___ DATA UNDER STUDY

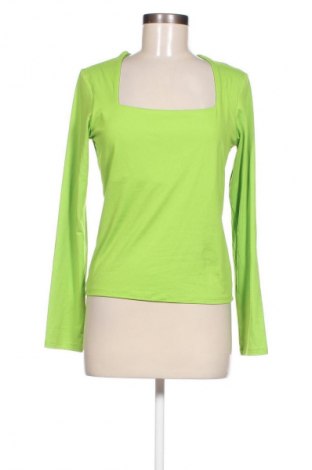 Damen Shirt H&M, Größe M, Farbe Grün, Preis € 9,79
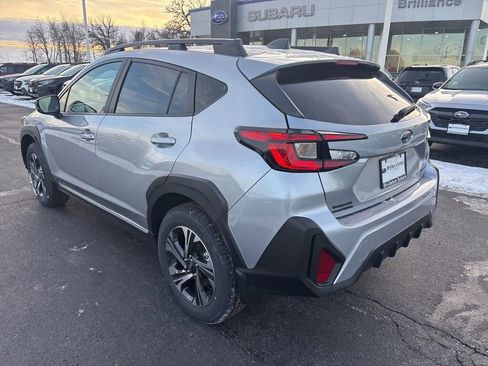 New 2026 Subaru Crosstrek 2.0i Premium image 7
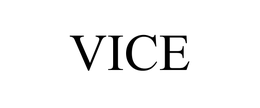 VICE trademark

______
___ DATA UNDER STUDY

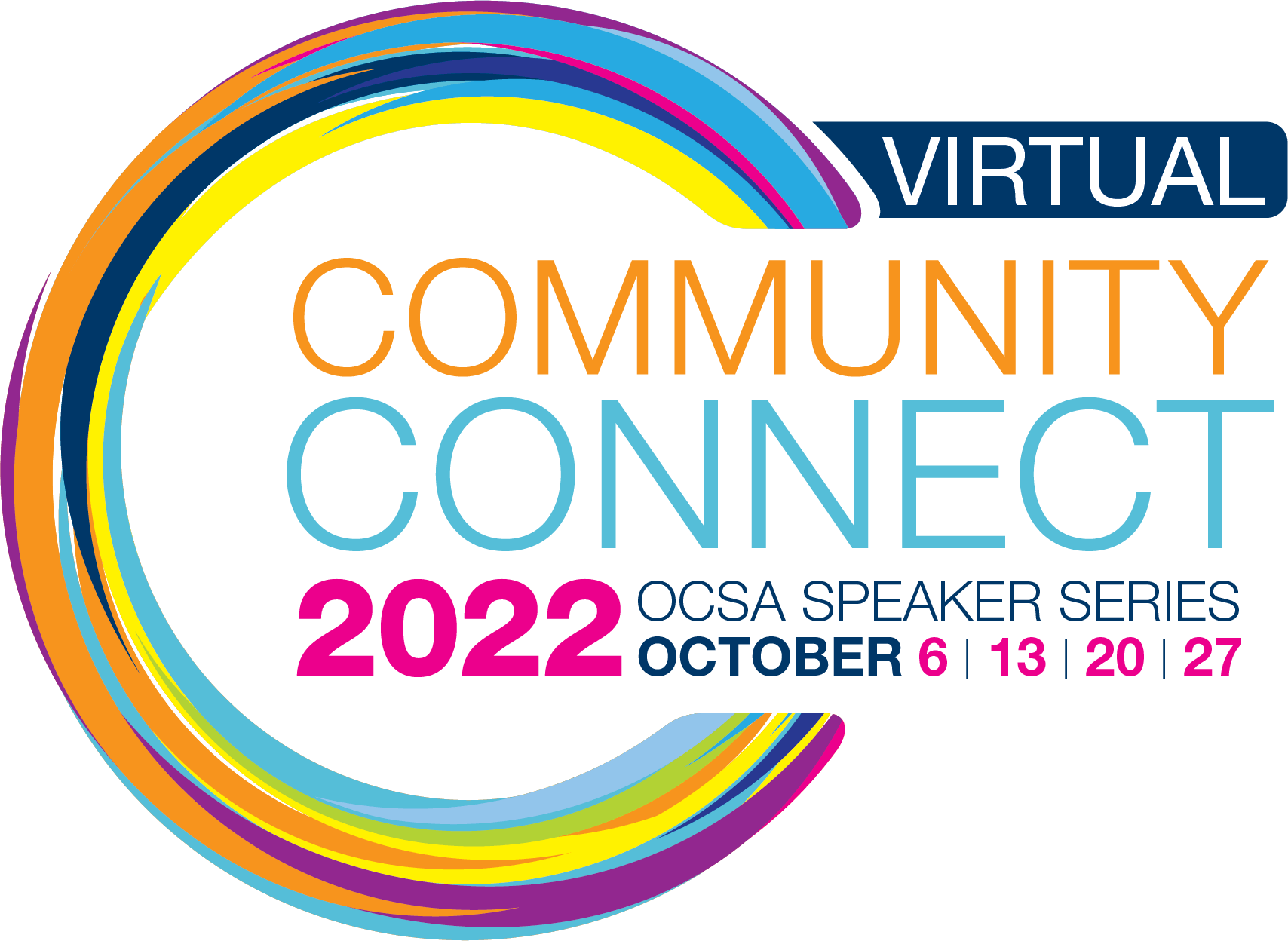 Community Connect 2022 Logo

______

-- TASK BRIEF --
Go to the line above that has "Damen Shirt H&M, Größe" and copy exactly from there down to the line that has "VICE trademark", both included. Leave the pictures out.

-- WRITTEN ANSWER --
 Damen Shirt H&M, Größe M, Farbe Grün, Preis € 9,79
 New 2026 Subaru Crosstrek 2.0i Premium image 7
 VICE trademark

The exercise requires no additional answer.